### Task details:
Retrieve every line from the records in which the word "email" occurs.

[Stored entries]
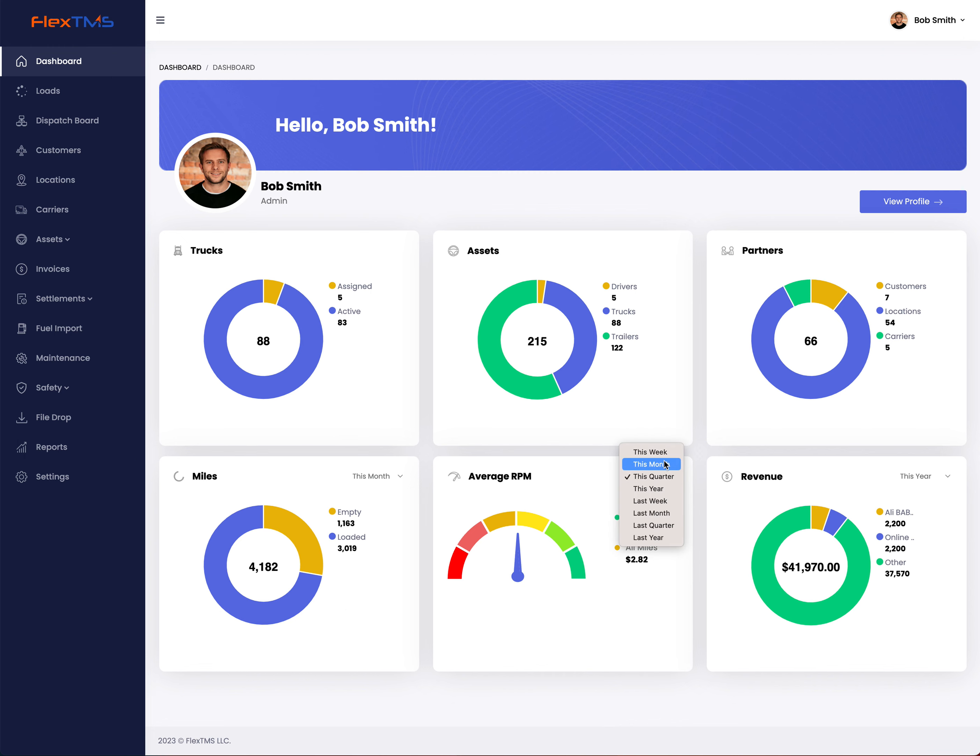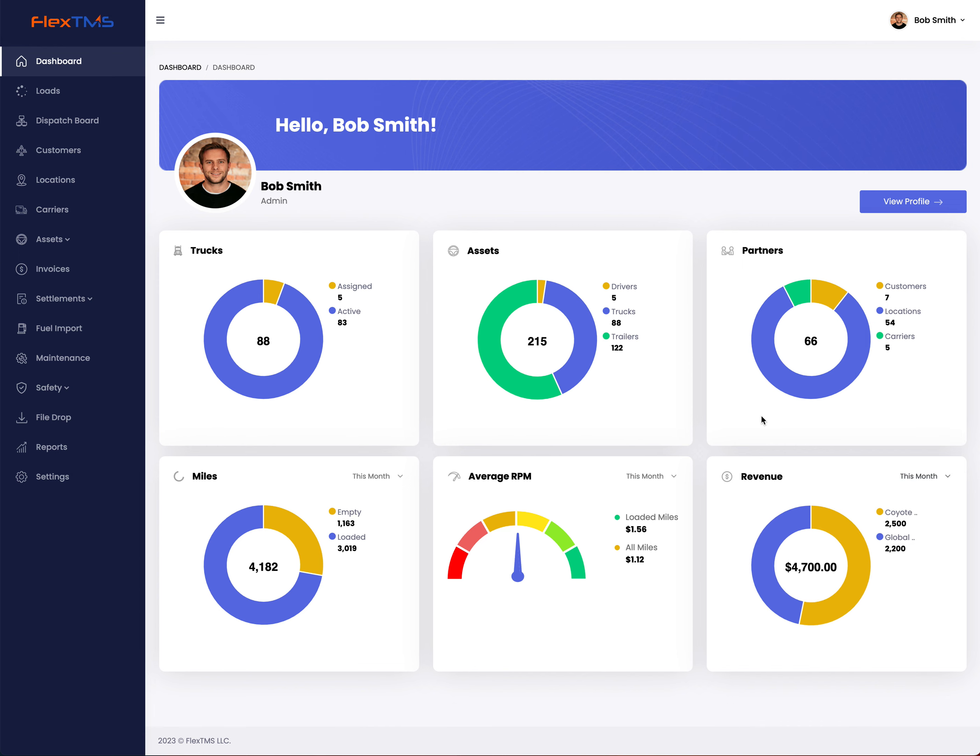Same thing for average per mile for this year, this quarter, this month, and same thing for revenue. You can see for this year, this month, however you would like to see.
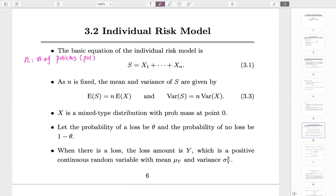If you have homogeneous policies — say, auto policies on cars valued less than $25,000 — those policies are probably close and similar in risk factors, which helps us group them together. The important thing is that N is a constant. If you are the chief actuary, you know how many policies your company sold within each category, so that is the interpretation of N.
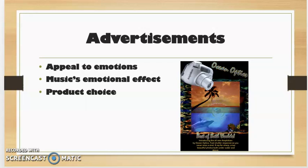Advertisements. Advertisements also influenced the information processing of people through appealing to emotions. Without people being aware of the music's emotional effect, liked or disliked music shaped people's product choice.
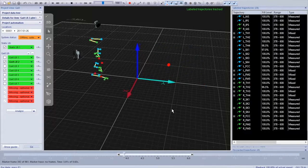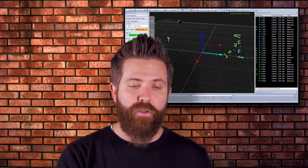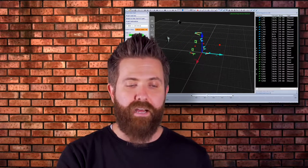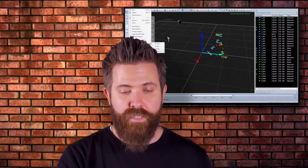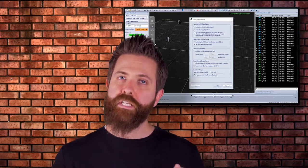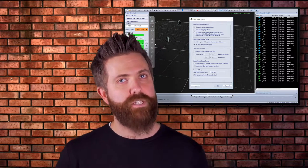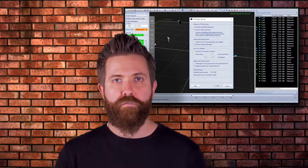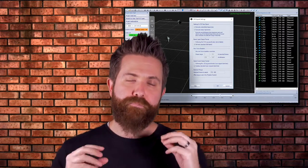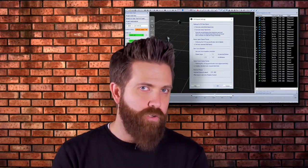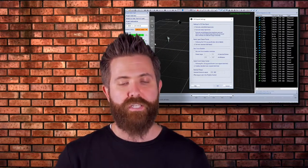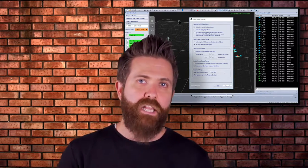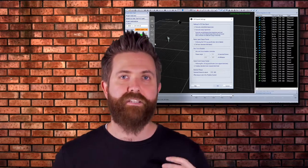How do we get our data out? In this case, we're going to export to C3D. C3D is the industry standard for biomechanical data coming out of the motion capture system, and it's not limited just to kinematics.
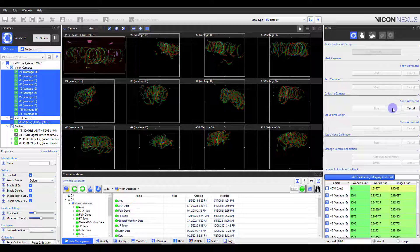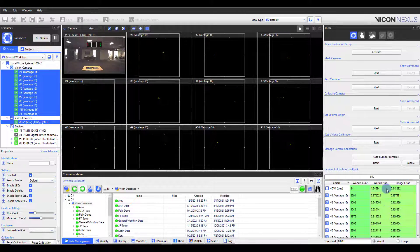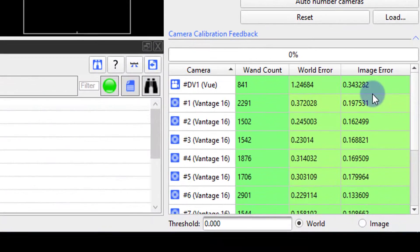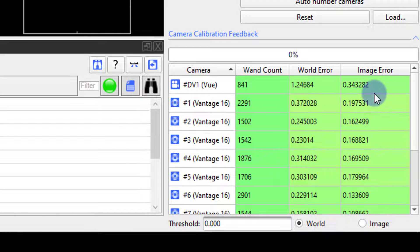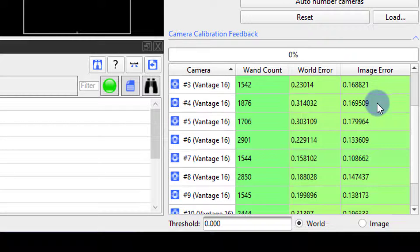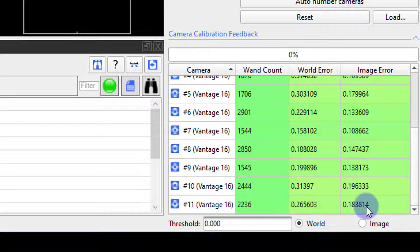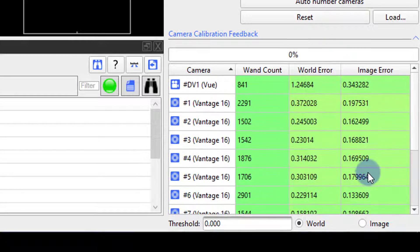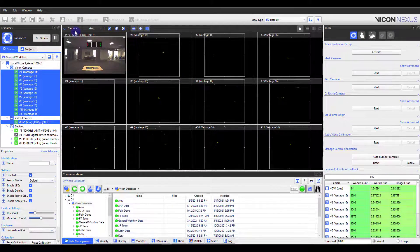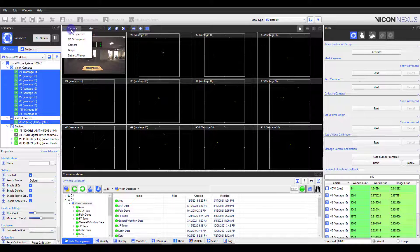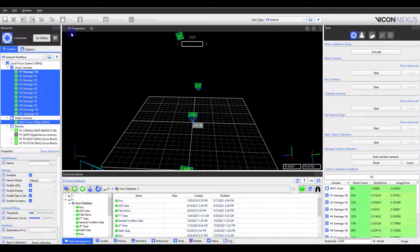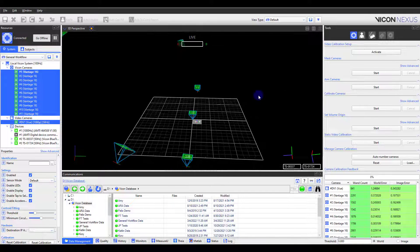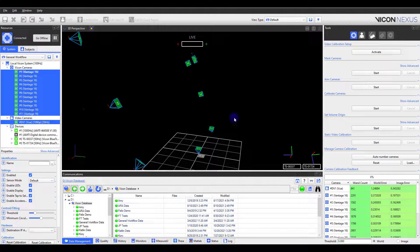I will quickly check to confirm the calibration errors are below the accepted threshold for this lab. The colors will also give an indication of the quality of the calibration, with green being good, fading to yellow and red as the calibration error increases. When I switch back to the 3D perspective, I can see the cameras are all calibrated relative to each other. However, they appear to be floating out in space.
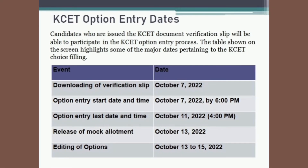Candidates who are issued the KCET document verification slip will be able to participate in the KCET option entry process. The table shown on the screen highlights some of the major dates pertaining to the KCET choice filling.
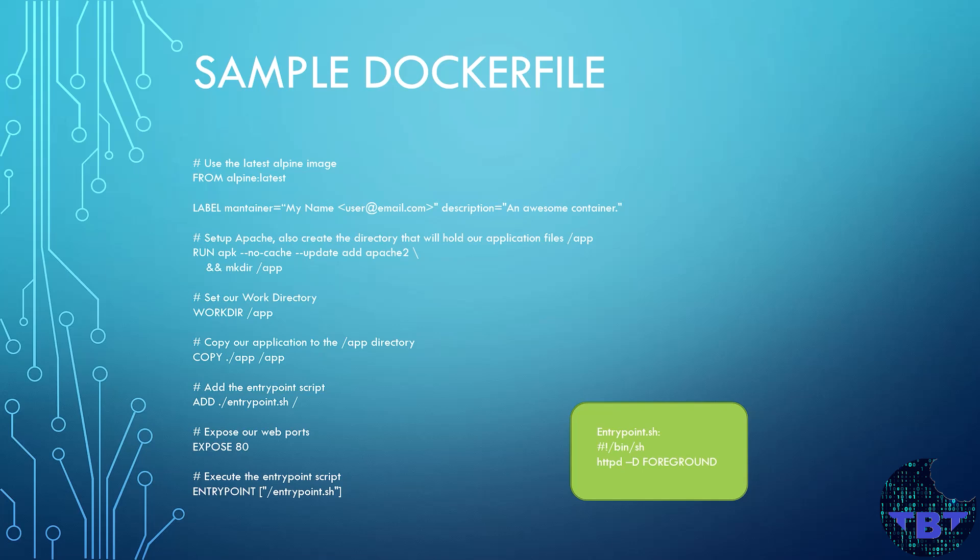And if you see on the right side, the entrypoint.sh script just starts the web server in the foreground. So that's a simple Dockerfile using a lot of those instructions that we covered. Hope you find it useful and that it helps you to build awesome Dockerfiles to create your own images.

...

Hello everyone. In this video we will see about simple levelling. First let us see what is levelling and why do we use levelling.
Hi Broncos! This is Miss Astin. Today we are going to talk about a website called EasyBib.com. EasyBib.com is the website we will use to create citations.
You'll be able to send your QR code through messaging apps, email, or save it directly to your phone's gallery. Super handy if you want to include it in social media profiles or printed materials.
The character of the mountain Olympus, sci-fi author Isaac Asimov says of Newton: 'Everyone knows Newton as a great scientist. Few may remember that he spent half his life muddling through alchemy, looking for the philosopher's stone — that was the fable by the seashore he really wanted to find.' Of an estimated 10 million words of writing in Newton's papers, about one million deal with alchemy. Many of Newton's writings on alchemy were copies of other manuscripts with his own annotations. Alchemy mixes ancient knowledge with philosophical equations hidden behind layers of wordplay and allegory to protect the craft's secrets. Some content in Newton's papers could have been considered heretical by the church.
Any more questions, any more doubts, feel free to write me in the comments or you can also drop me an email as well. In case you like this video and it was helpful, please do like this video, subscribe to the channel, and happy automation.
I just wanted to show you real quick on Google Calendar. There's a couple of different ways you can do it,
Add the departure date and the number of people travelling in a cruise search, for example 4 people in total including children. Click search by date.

### Solution for this task:
You'll be able to send your QR code through messaging apps, email, or save it directly to your phone's gallery. Super handy if you want to include it in social media profiles or printed materials.
Any more questions, any more doubts, feel free to write me in the comments or you can also drop me an email as well. In case you like this video and it was helpful, please do like this video, subscribe to the channel, and happy automation.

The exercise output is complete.